Goal of the exercise: Leaving out all pictures, transcribe the lines below exactly, from the first through the line containing "Cooked corn on the cob in a pressure cooker.".
__________
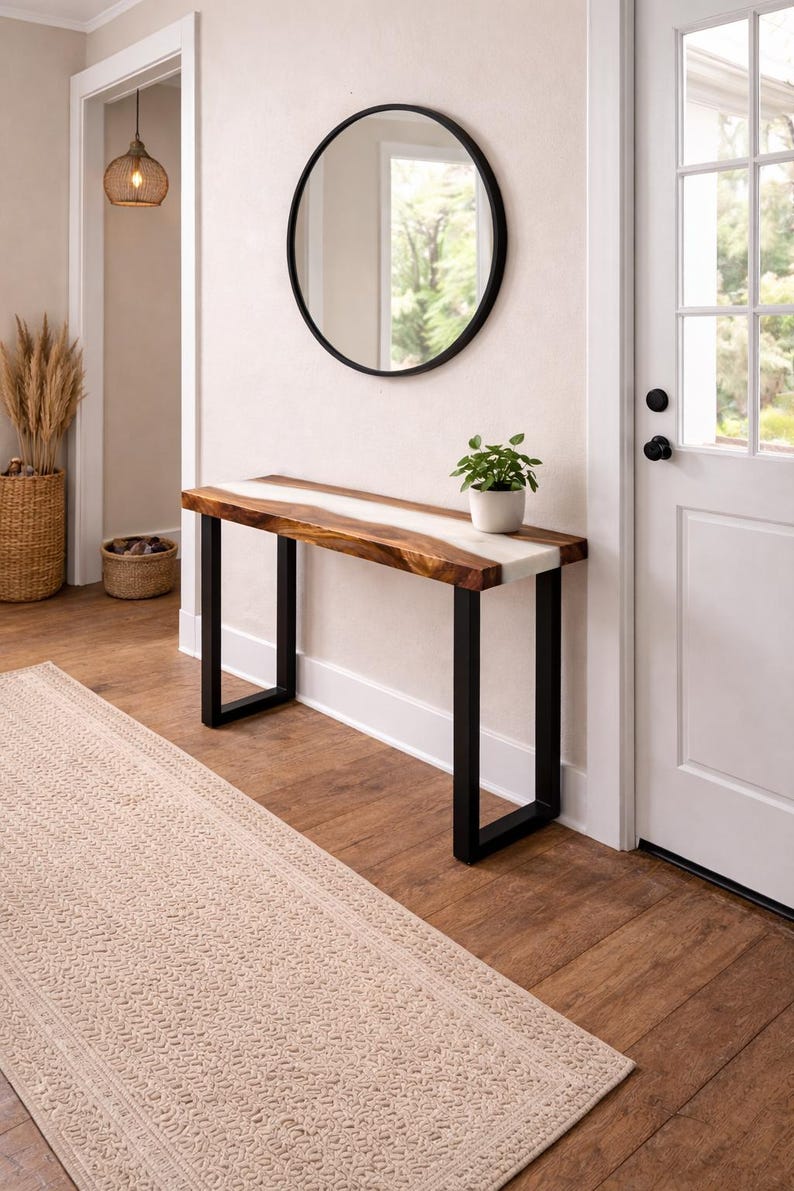 May include: A modern entryway with a wooden console table featuring a live edge design with a white resin inlay. The table has black metal legs. A round black mirror hangs above the table, and a small potted plant sits on top.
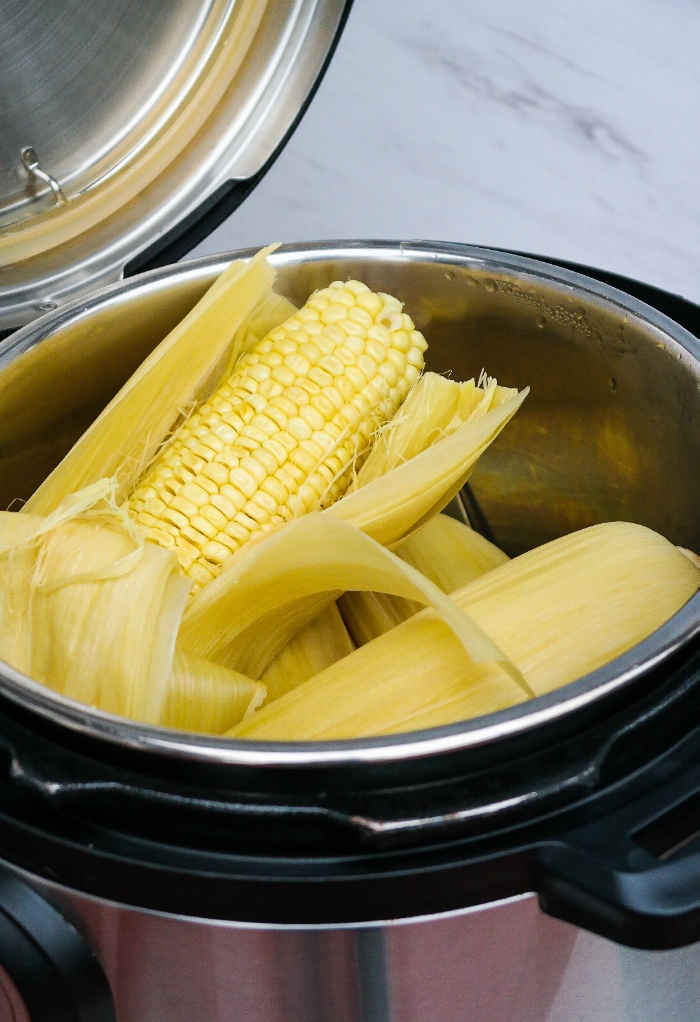 Cooked corn on the cob in a pressure cooker.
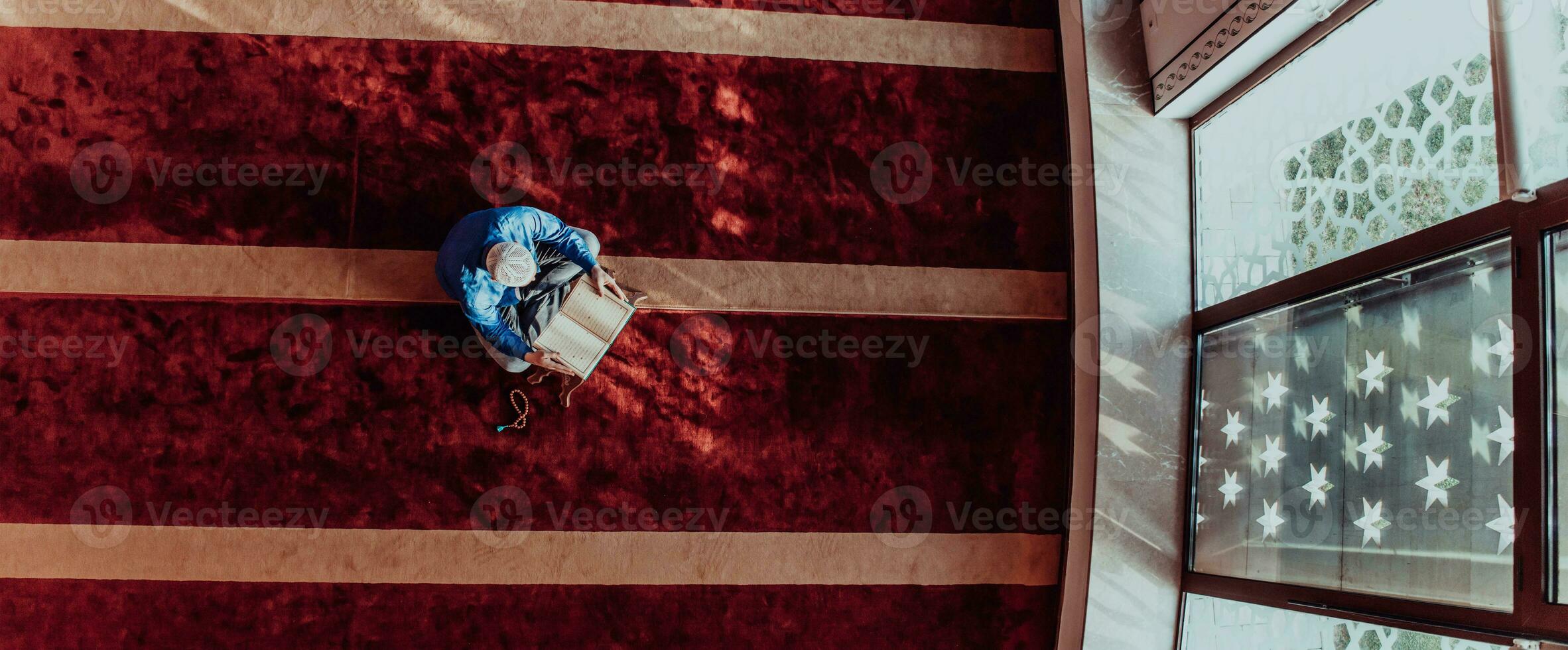 A Muslim reads the holy Islamic book Quraqn in a modern grand mosque during the Muslim holy month of Ranazan photo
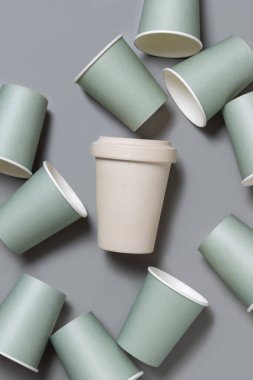 Tek kullanımlık yeşil kağıt bardaklar ve gri üst manzaralı yeniden kullanılabilir bambu kahve fincanı, fotokopi alanı ile taklit edilmiş. Boş kahve fincanları düz yerde. Plastik ve sürdürülebilir yaşam tarzı kavramı yok 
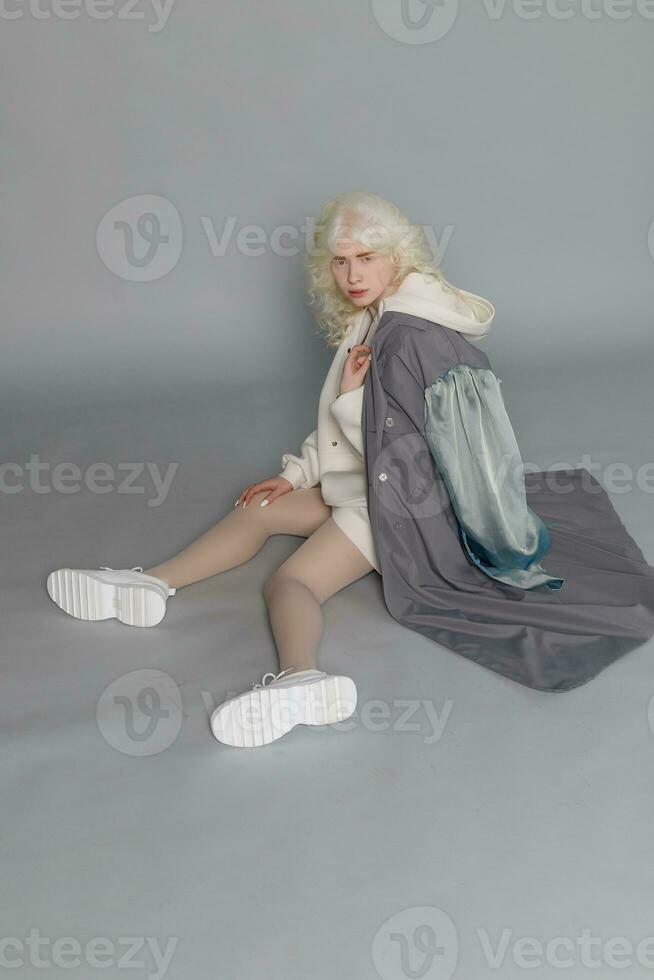 beautiful albino girl with white skin, natural lips and white hair photo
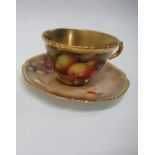 A Royal Worcester tea cup and saucer, decorated all around with hand painted fruit by Freeman -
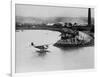 Amelia Earhart's Plane Leaving Port-null-Framed Photographic Print
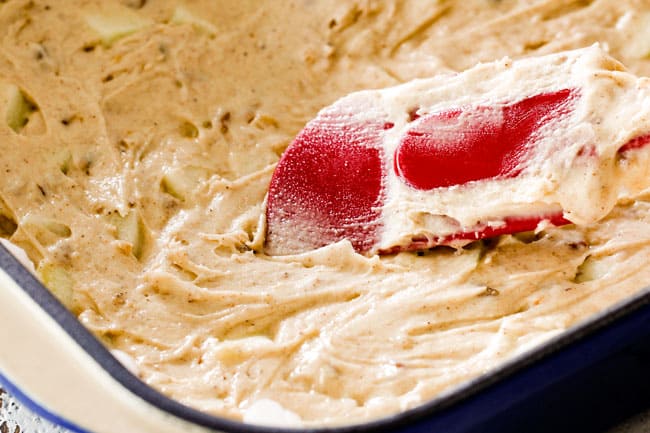 showing how to make poke cake by spreading batter into pan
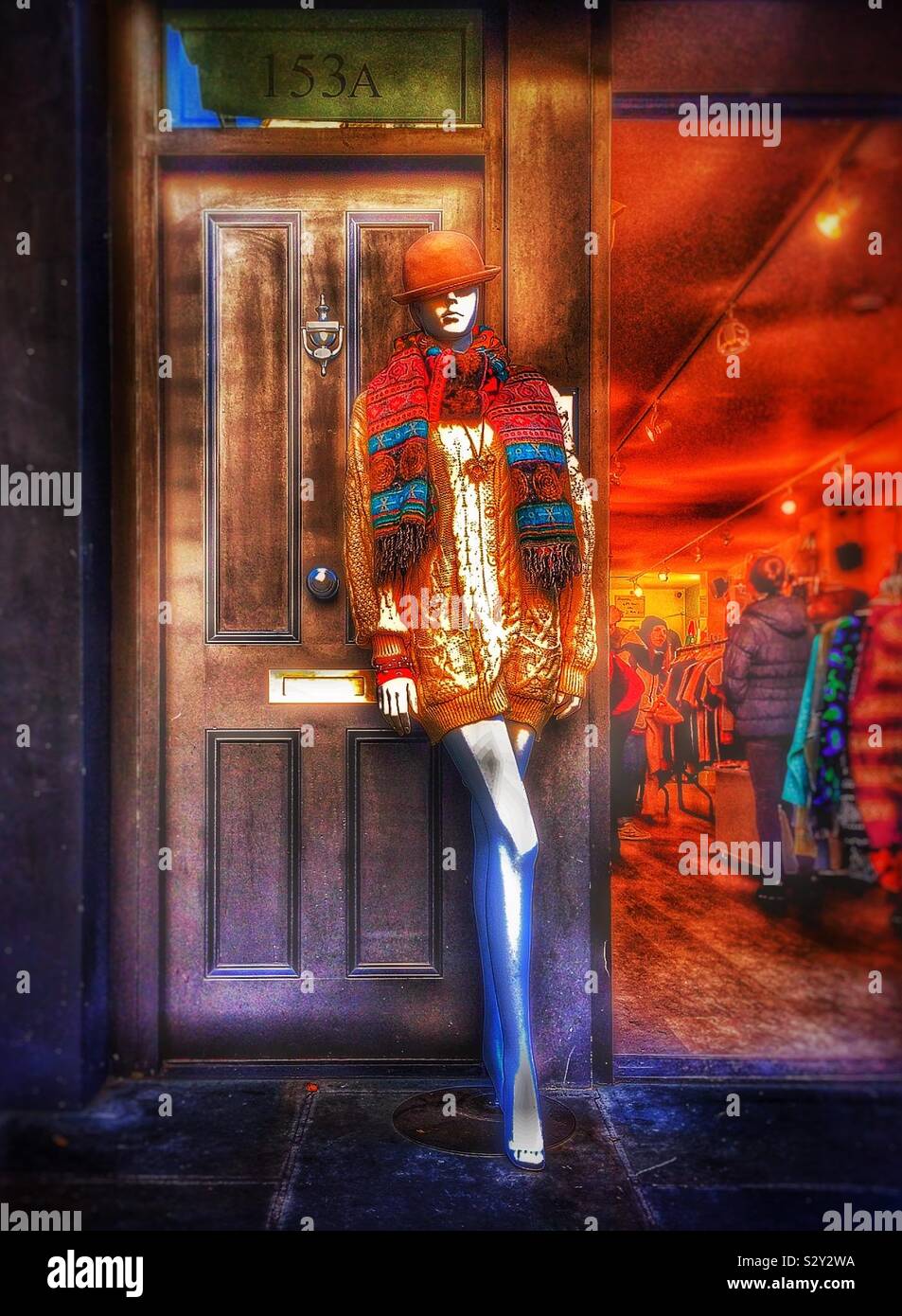 Lady in doorway...a mannequin by the doorway of a clothing shop Stock Photo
__________
Solution for this problem:
 May include: A modern entryway with a wooden console table featuring a live edge design with a white resin inlay. The table has black metal legs. A round black mirror hangs above the table, and a small potted plant sits on top.
 Cooked corn on the cob in a pressure cooker.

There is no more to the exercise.